Wednesday, June 30, 2004

Passing On
(just rambling tonight... sorry if this is just crap)

The Little People and I have a funeral to attend this Friday. I know, very depressing post. Angie is a dear, dear person. I've never met her father, but I've heard a great deal about him from her. I feel for her. I've lost my mother, I know how desperately difficult it is to let go of a parent - especially one you are very close to. Angie is so cute, she never refers to her father as 'father', she always says "my daddy". Her eyes light up when she talks about him and what a great guy he is. She's daddy's little girl. I was always a Mamma's Girl. It's hard to loose that person, to not be daddy's/mamma's little girl. Every time I've gotten an update about Angie's dad I've dissolved into tears. I wish I could take her pain for her.

I feel especially bad for her in that this is a time when she should be deliriously happy. She is getting married the end of July. My sister got married a week before our mother died. I remember how mom's impending death over shadowed her day, a day that should have been so happy for her. I hope that Angie's wedding being a little further from her father's passing will make it still a joyous occasion.

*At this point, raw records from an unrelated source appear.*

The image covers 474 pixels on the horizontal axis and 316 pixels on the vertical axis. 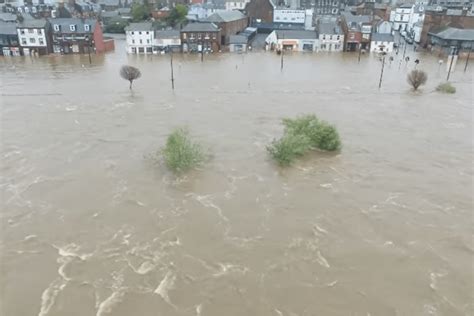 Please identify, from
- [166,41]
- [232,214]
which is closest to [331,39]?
[166,41]

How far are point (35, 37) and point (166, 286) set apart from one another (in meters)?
59.2

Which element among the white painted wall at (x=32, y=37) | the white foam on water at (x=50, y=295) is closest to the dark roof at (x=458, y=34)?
the white painted wall at (x=32, y=37)

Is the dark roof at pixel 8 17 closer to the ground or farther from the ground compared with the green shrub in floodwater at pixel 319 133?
farther from the ground

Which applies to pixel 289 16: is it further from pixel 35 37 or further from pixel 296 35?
pixel 35 37

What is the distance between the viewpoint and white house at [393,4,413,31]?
9830 centimetres

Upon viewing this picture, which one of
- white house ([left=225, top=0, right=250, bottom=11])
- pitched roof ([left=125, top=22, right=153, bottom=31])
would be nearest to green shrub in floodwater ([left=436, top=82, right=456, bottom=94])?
pitched roof ([left=125, top=22, right=153, bottom=31])

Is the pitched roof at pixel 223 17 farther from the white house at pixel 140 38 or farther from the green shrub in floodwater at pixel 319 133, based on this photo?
the green shrub in floodwater at pixel 319 133

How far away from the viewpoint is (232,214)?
17.6 meters

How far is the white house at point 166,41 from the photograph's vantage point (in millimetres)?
63438

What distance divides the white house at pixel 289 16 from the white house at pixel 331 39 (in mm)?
19629

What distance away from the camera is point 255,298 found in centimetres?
1310

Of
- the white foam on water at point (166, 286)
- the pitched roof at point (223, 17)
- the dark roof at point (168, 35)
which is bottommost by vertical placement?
the white foam on water at point (166, 286)

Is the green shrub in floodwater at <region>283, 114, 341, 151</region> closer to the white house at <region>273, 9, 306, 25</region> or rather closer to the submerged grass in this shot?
the submerged grass

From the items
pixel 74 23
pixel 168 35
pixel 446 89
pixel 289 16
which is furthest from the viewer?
pixel 289 16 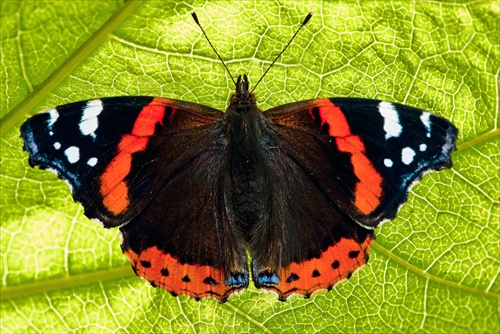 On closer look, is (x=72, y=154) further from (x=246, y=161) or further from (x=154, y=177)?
(x=246, y=161)

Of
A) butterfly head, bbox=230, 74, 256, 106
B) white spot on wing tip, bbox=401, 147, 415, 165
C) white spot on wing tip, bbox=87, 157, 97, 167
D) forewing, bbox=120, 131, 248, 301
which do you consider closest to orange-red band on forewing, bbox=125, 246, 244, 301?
forewing, bbox=120, 131, 248, 301

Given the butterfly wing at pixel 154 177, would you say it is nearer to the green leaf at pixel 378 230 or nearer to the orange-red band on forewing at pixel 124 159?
the orange-red band on forewing at pixel 124 159

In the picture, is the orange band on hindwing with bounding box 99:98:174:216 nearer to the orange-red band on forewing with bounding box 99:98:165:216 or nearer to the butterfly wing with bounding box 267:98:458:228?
the orange-red band on forewing with bounding box 99:98:165:216

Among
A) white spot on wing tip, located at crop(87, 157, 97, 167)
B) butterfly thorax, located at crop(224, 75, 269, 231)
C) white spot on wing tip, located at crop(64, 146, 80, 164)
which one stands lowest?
butterfly thorax, located at crop(224, 75, 269, 231)

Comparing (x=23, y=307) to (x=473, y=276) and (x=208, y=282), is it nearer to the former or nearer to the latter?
(x=208, y=282)

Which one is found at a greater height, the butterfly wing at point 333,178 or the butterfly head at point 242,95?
the butterfly head at point 242,95

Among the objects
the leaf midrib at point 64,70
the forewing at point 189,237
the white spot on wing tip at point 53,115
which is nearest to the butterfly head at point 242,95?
the forewing at point 189,237

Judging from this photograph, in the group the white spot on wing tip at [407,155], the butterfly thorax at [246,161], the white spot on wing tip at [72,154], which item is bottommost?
the butterfly thorax at [246,161]

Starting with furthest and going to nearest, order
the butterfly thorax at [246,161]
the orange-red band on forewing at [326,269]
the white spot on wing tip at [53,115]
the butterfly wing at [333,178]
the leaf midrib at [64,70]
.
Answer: the butterfly thorax at [246,161] < the leaf midrib at [64,70] < the orange-red band on forewing at [326,269] < the butterfly wing at [333,178] < the white spot on wing tip at [53,115] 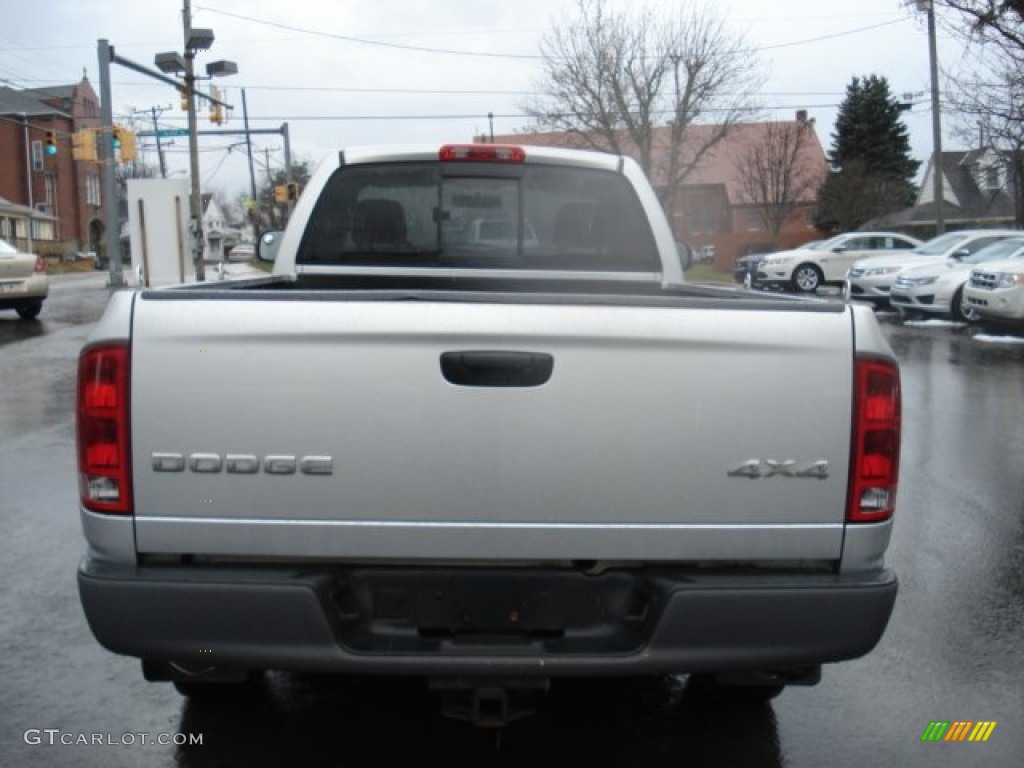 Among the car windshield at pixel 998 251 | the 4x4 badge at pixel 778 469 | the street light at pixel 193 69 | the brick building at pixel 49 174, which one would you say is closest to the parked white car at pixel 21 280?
the street light at pixel 193 69

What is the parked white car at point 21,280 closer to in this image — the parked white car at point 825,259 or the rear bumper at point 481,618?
the rear bumper at point 481,618

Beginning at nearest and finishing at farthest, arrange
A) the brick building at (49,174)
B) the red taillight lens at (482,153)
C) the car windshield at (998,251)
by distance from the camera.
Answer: the red taillight lens at (482,153)
the car windshield at (998,251)
the brick building at (49,174)

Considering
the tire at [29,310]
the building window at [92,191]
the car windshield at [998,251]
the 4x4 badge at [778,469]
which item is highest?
the building window at [92,191]

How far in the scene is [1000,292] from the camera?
1684cm

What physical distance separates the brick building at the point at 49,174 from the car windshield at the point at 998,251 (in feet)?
184

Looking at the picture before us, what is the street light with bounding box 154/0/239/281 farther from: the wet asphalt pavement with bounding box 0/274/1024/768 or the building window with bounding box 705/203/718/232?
the building window with bounding box 705/203/718/232

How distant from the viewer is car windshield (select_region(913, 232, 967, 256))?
23.2m

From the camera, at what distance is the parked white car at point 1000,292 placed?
16609mm

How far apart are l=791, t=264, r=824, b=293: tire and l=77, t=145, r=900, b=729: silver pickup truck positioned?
26.6 m

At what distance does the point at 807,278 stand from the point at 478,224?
25134mm

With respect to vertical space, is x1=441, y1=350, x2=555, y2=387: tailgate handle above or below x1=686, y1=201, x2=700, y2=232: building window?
below

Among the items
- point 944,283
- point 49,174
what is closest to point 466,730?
point 944,283

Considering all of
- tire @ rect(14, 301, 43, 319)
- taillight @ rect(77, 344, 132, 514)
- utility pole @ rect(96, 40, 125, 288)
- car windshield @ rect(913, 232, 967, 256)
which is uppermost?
utility pole @ rect(96, 40, 125, 288)

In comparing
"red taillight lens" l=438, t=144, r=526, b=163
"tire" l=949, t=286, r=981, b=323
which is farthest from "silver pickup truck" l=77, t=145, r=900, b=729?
"tire" l=949, t=286, r=981, b=323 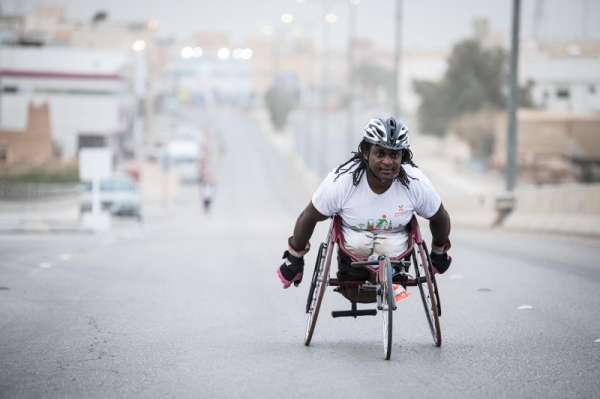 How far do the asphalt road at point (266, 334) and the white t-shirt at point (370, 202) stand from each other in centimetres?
93

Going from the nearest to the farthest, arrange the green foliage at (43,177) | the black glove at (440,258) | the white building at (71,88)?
the black glove at (440,258) < the green foliage at (43,177) < the white building at (71,88)

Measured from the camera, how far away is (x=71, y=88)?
95562 millimetres

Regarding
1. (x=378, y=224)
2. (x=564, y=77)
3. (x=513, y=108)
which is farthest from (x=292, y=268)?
(x=564, y=77)

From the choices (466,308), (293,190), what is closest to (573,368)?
(466,308)

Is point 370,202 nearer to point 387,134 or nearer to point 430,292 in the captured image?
point 387,134

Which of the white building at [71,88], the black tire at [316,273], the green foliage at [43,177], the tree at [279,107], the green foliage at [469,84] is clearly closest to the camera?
the black tire at [316,273]

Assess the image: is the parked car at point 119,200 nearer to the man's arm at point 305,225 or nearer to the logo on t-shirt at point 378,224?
the man's arm at point 305,225

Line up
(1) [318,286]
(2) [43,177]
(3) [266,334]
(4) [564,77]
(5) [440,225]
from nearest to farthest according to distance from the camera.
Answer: (5) [440,225] → (1) [318,286] → (3) [266,334] → (2) [43,177] → (4) [564,77]

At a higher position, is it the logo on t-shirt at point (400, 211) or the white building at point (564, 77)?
the white building at point (564, 77)

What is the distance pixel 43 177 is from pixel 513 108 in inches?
1343

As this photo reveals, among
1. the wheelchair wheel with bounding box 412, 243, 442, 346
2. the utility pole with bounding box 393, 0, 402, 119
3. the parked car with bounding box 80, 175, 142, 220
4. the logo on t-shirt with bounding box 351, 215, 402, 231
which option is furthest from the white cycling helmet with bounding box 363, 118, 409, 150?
the utility pole with bounding box 393, 0, 402, 119

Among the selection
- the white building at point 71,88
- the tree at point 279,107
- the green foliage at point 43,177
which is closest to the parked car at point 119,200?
the green foliage at point 43,177

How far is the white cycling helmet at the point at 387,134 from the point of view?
24.8ft

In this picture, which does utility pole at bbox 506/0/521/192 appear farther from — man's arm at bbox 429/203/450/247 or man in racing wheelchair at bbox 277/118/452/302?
man in racing wheelchair at bbox 277/118/452/302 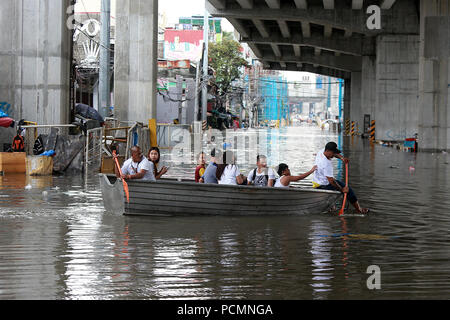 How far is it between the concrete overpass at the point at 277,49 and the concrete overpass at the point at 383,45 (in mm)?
63

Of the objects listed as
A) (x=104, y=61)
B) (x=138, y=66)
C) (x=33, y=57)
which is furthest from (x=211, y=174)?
(x=138, y=66)

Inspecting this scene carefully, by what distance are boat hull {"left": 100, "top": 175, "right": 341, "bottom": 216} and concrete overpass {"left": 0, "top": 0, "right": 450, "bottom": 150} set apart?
14.6 metres

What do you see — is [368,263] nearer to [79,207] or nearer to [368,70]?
[79,207]

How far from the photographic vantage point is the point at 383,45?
4944 cm

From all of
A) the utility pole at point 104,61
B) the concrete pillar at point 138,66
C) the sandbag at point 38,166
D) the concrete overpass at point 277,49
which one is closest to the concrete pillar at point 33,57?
the concrete overpass at point 277,49

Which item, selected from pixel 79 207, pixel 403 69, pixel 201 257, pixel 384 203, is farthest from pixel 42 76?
pixel 403 69

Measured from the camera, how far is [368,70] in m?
61.4

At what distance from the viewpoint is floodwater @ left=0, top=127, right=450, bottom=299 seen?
25.6ft

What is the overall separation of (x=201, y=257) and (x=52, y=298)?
8.98ft

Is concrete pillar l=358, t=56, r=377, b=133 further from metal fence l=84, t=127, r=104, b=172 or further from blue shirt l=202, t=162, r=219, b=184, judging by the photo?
blue shirt l=202, t=162, r=219, b=184

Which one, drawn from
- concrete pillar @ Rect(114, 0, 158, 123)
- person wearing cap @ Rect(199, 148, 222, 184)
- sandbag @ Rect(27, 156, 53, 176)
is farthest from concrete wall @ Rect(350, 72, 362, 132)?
person wearing cap @ Rect(199, 148, 222, 184)

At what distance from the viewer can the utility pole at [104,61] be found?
3331 cm

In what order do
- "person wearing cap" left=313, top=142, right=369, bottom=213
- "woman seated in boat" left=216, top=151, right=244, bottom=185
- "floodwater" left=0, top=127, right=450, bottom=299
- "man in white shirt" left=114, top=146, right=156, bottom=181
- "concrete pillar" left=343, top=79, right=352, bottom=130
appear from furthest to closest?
"concrete pillar" left=343, top=79, right=352, bottom=130 → "person wearing cap" left=313, top=142, right=369, bottom=213 → "woman seated in boat" left=216, top=151, right=244, bottom=185 → "man in white shirt" left=114, top=146, right=156, bottom=181 → "floodwater" left=0, top=127, right=450, bottom=299

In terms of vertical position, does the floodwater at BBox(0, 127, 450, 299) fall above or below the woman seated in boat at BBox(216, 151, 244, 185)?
below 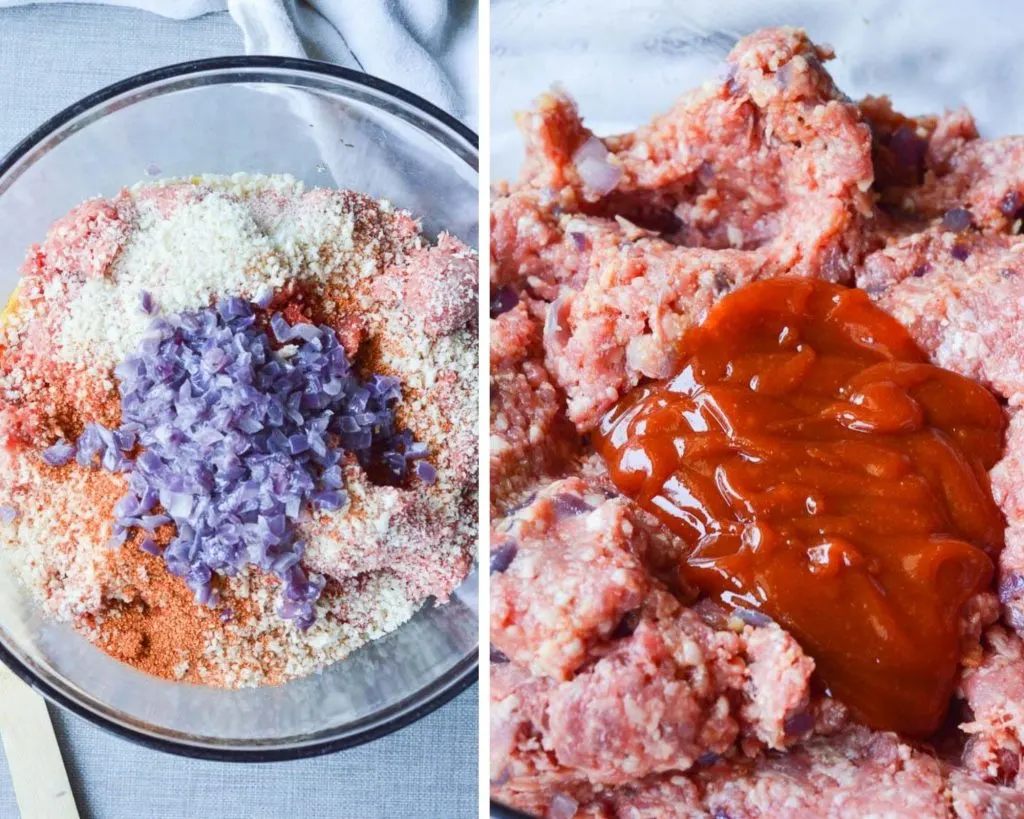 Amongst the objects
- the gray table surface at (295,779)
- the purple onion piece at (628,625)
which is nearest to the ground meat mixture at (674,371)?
the purple onion piece at (628,625)

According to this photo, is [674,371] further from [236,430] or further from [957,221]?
[236,430]

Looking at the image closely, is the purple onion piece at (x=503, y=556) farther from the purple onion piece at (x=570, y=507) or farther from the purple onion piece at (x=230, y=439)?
the purple onion piece at (x=230, y=439)

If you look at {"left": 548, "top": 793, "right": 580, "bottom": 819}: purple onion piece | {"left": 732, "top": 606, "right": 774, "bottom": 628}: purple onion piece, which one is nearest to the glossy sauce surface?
{"left": 732, "top": 606, "right": 774, "bottom": 628}: purple onion piece

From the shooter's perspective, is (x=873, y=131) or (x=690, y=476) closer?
(x=690, y=476)

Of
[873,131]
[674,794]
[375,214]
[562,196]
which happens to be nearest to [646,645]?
[674,794]

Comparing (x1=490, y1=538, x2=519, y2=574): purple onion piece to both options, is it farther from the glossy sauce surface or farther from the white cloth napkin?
the white cloth napkin

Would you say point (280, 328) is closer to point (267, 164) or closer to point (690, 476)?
point (267, 164)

Anyway... I'm going to the funeral on Friday. The last funeral I was supposed to go to, I bailed on. I made an excuse about not being able to find child care - I made this after the fact so as to not have anyone offer a solution. I was a pussy. I still carry a great deal of guilt about it as the person who passed was a former co-worker. He was very fatherly and very sweet. I just didn't want to deal with it, he was the same age as my father. He has kids my age, grand kids my kids age. I'd like to say that I didn't want my final memories of him clouded by the memory of his sad funeral but that's just bull shit. Avoidance was easier. Deep down I'm a very emotional person. I sometimes just bubble over with emotions and I tend to be exceedingly sensitive. It's not exactly something I'm proud of or fond of - I really do try to hide it - the sensitive emotional side, I don't try to hide the bad temper I have, although I probably should. Anyway, this is why I avoided the funeral of my co-worker. I have this fear that I'll cry in front of everyone. I haven't cried at a funeral since my great grandmother's when I was a sophomore in high school. Seriously. I didn't cry at my mother's funeral. I wasn't raised to be like that. In these situations people fell into two categories - those who are to be silent and stoic and those who are to be brave and strong then fall into hysterics. I've always been in the first category - aside from my great grandmother's funeral (where I totally lost it and freaked everyone out by my hysterical crying). I don't cry in public. I've only cried in public once since that funeral - that was when my home was in a fire 6 and a half years ago - we lost almost everything. Thank G*d for friends, family and the kindness of strangers.

So anyway, I'm rambling... I dread the funeral because I empathic with Angie. I adore Angie and I wish I could take this pain from her. She's putting up such a brave front. I'd like to skip the funeral just because funerals are just morbid and depressing, I can't though. I'll go for Angie.